→ **Information supplied**:

____________________

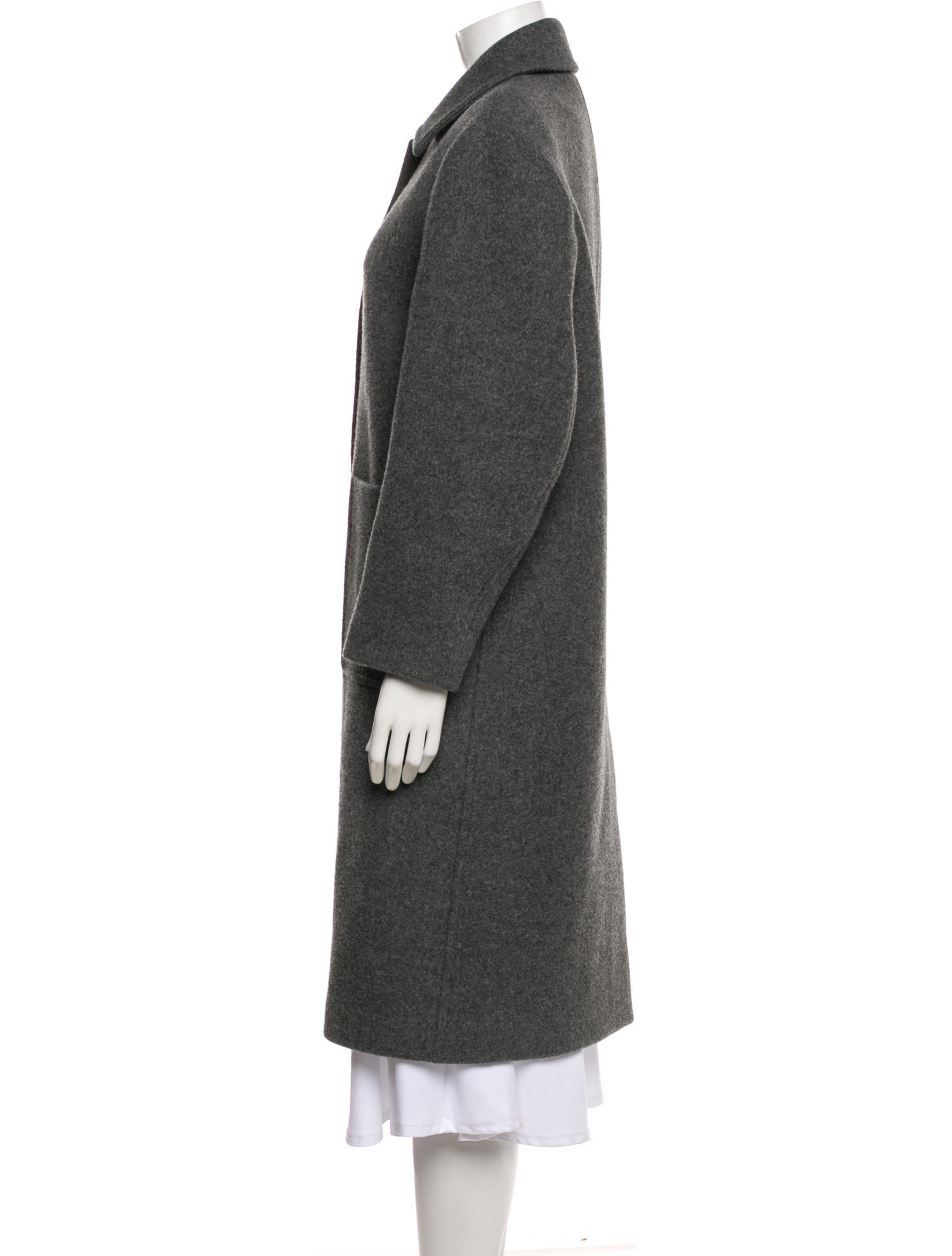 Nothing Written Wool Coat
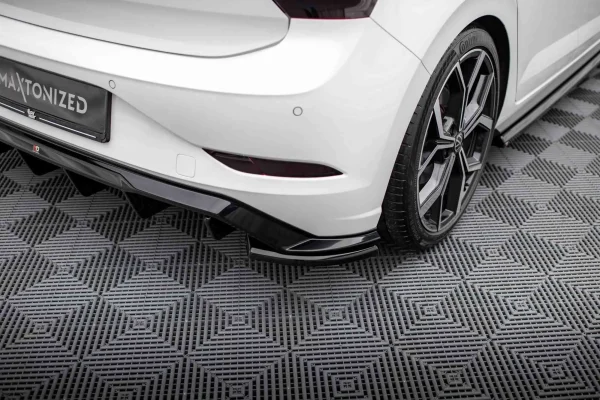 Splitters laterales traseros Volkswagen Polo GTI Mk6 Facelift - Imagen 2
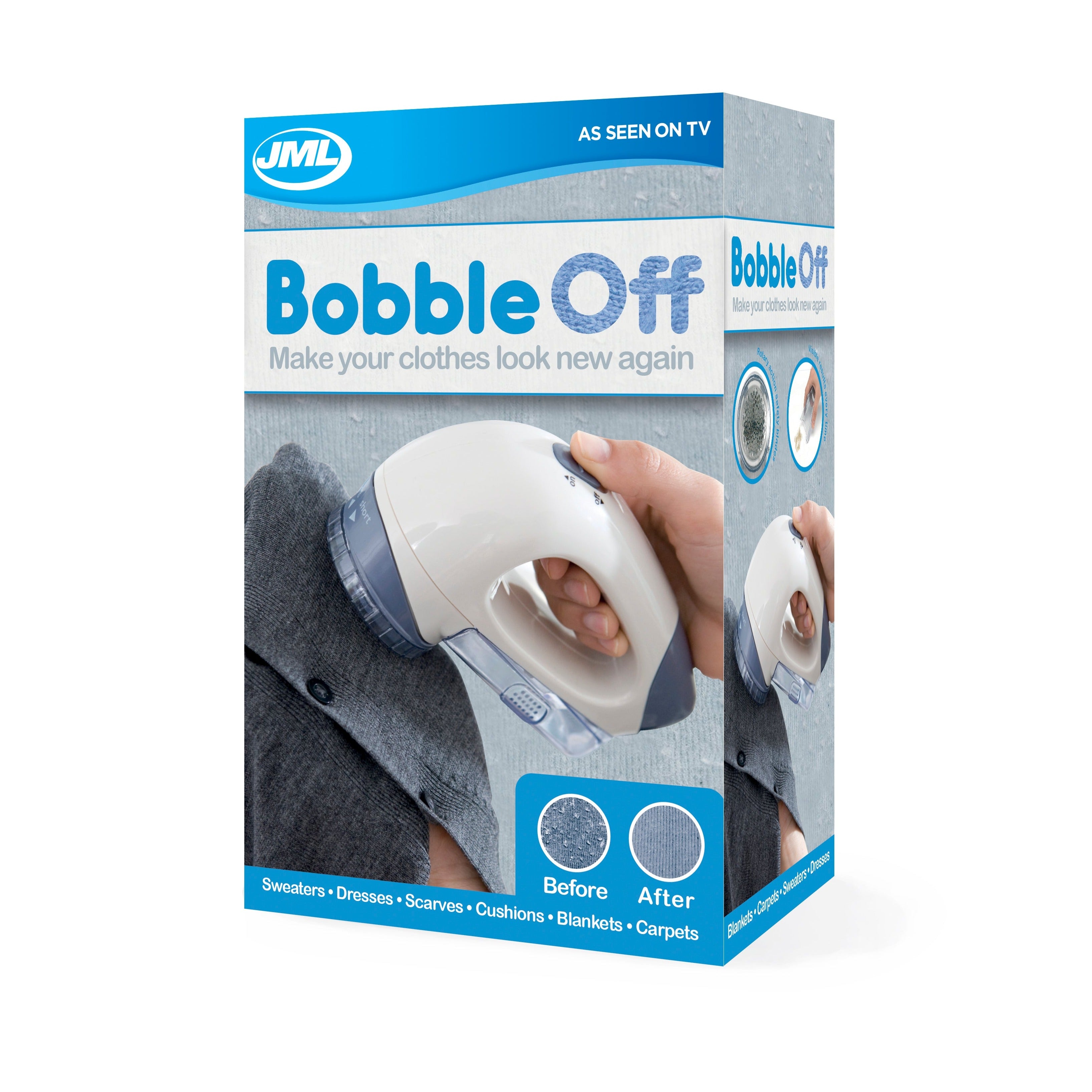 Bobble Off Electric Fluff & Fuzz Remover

____________________

→ **Task instructions**: With pictures excluded, restate word for word the lines from the one that contains "Splitters laterales traseros" through the end of the material, inclusive, and nothing more.

→ **The answer**:
 Splitters laterales traseros Volkswagen Polo GTI Mk6 Facelift - Imagen 2
 Bobble Off Electric Fluff & Fuzz Remover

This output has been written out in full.